A team of researchers from SAHMRI and Flinders University has found a link between the type of microbiome that repopulates the gut following antibiotics and shortened lifespan in mice.
The study recently published in Cell Reports, is the first of its kind to examine the long-term effects of exposing normal healthy mice to antibiotics in early life, tracking the mice from infancy to old age, 102 weeks later.
Professor David Lynn, an EMBL Australia Group Leader at SAHMRI and Flinders University, who led the project, says that previous studies investigating the causative link between gut microbiota and lifespan have largely been restricted to invertebrates and mice with shortened lifespan due to genetic deficiency.
“This is the first time we’ve been able to monitor the impact that changes in gut microbiome due to antibiotics in early life can have on mice throughout their normal lifespan,” Prof Lynn said. After microbiome diversity was severely depleted following antibiotics, researchers found that the gut was repopulated with either one of two different dominant types of microbiota, which they
called ‘PAM I’ and ‘PAM II’.
“Mice with PAM II microbiome displayed increased insulin resistance in later life, indicating metabolic dysfunction, as well as significantly higher levels of inflammation in multiple different tissues including the blood, liver and brain,” Prof Lynn said.
“The PAM II mice died at approximately double the rate compared to those that were repopulated with the PAM I microbiota, even though both groups were littermates exposed to the same antibiotics.”
These effects were observed even though the composition of microbiota in both groups of antibiotic exposed mice returned to normal in the weeks after antibiotic exposure and long before the detrimental effects on metabolism and inflammation were observed in the PAM II mice.
“Our data suggests that the type of microbiome that repopulates the gut after antibiotics has the potential to reprogram the mammalian immune system with long-lasting effects including on longevity,” Prof Lynn said.
Previous studies in humans have linked antibiotics to a litany of long-term health effects; but have often shown varying results between different individuals and different studies.
Prof Lynn says this latest study suggests that this variability may be due to the type of microbiome that recolonises after antibiotics, rather than the depletion of the microbiome during antibiotic exposure.
To further prove the results were due to differences in microbiome recovery and not antibiotics, the researchers took the extra step of colonising mice with no microbiome, known as ‘germ-free’, with the PAM I and PAM II microbiome.

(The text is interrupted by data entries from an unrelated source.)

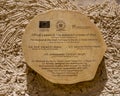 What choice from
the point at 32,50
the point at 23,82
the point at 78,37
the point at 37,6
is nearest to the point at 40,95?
the point at 23,82

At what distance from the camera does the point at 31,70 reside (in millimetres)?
1561

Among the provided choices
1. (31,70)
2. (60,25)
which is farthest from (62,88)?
(60,25)

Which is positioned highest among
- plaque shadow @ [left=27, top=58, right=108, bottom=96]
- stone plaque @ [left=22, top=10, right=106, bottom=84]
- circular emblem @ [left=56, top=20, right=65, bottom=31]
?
circular emblem @ [left=56, top=20, right=65, bottom=31]

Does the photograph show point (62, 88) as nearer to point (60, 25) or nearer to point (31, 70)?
point (31, 70)

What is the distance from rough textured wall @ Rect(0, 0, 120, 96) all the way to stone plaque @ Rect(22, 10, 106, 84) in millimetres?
59

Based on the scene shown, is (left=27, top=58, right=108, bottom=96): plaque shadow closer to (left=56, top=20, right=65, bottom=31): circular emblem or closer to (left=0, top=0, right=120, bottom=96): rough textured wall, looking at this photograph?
(left=0, top=0, right=120, bottom=96): rough textured wall

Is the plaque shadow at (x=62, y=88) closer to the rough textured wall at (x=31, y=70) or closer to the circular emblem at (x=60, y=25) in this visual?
the rough textured wall at (x=31, y=70)

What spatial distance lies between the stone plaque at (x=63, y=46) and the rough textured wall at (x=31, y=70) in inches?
2.3

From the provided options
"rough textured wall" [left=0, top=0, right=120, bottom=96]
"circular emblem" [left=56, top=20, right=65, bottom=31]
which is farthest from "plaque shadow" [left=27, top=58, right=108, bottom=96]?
"circular emblem" [left=56, top=20, right=65, bottom=31]

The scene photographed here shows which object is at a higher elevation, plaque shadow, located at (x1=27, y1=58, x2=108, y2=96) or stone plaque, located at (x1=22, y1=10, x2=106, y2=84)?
stone plaque, located at (x1=22, y1=10, x2=106, y2=84)

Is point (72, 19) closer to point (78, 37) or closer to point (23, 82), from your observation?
point (78, 37)

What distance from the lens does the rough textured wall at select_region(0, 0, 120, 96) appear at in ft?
5.05

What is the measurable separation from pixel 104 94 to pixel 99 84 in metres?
0.05

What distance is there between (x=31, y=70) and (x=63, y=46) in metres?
0.18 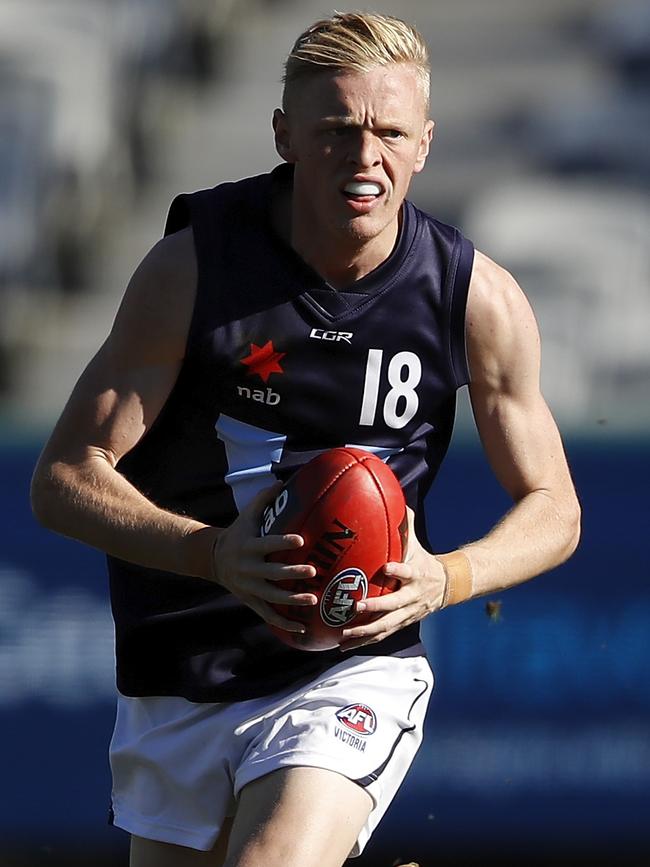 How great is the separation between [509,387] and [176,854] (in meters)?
1.14

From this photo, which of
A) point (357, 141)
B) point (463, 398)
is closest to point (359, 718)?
point (357, 141)

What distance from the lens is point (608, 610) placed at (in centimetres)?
492

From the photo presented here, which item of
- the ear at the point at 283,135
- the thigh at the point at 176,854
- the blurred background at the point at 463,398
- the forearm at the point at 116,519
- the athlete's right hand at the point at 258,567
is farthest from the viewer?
the blurred background at the point at 463,398

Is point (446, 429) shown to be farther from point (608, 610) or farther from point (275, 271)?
point (608, 610)

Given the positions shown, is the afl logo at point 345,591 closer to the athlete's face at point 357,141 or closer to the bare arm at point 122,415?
the bare arm at point 122,415

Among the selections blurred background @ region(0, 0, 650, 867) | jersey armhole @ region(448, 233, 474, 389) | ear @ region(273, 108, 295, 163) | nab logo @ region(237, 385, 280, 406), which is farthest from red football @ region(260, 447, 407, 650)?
blurred background @ region(0, 0, 650, 867)

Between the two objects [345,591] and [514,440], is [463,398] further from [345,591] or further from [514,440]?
[345,591]

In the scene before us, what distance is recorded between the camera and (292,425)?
9.50ft

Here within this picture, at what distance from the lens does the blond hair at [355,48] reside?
8.97ft

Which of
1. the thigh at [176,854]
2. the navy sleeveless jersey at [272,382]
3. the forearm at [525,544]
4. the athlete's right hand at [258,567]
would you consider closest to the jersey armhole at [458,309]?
the navy sleeveless jersey at [272,382]

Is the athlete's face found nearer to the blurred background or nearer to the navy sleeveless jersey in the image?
the navy sleeveless jersey

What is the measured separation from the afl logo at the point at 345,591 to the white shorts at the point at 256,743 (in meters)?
0.34

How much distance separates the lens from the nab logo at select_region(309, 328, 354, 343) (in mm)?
2855

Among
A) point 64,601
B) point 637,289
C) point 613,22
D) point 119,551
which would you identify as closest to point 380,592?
point 119,551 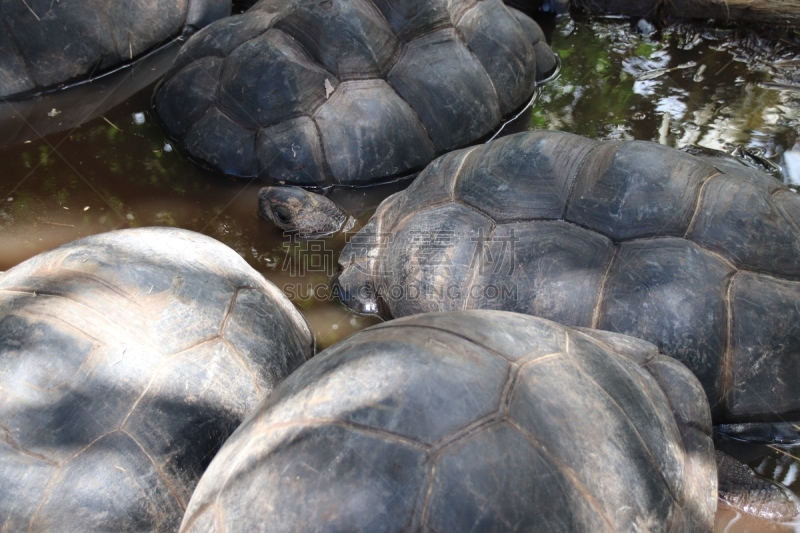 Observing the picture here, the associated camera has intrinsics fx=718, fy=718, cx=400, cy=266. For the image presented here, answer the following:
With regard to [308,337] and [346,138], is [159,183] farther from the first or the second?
[308,337]

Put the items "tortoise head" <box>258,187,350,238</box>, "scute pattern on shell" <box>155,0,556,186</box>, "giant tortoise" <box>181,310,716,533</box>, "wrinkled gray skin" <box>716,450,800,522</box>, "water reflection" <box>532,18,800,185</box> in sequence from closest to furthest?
"giant tortoise" <box>181,310,716,533</box>
"wrinkled gray skin" <box>716,450,800,522</box>
"tortoise head" <box>258,187,350,238</box>
"scute pattern on shell" <box>155,0,556,186</box>
"water reflection" <box>532,18,800,185</box>

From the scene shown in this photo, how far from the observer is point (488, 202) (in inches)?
127

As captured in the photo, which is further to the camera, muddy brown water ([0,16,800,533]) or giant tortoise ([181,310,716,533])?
muddy brown water ([0,16,800,533])

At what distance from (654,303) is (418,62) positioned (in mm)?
2426

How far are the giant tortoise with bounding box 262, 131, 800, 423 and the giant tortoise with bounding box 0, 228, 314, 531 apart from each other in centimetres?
104

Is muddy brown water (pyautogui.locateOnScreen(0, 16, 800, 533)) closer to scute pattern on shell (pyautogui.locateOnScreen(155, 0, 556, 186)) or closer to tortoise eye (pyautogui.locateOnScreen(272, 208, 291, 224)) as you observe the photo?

These experiments showed changes in the immune system of germ-free mice colonised with the PAM I microbiota compared to the PAM II microbiota.
Prof Lynn says that those with PAM II typically had a more inflammatory immune system.
“These data suggest that differences in the microbiota following antibiotics in early life can reprogram the immune system long-term, with the consequences of this reprogramming emerging later in life, including effects on immunity, metabolism and even lifespan,” Prof Lynn said.
The study is a strong example of what SAHMRI’s cross theme collaboration can achieve, with four different research departments combining on the project, the others led by Professor Chris Proud, Professor Geraint Rogers and Dr Tim Sargeant.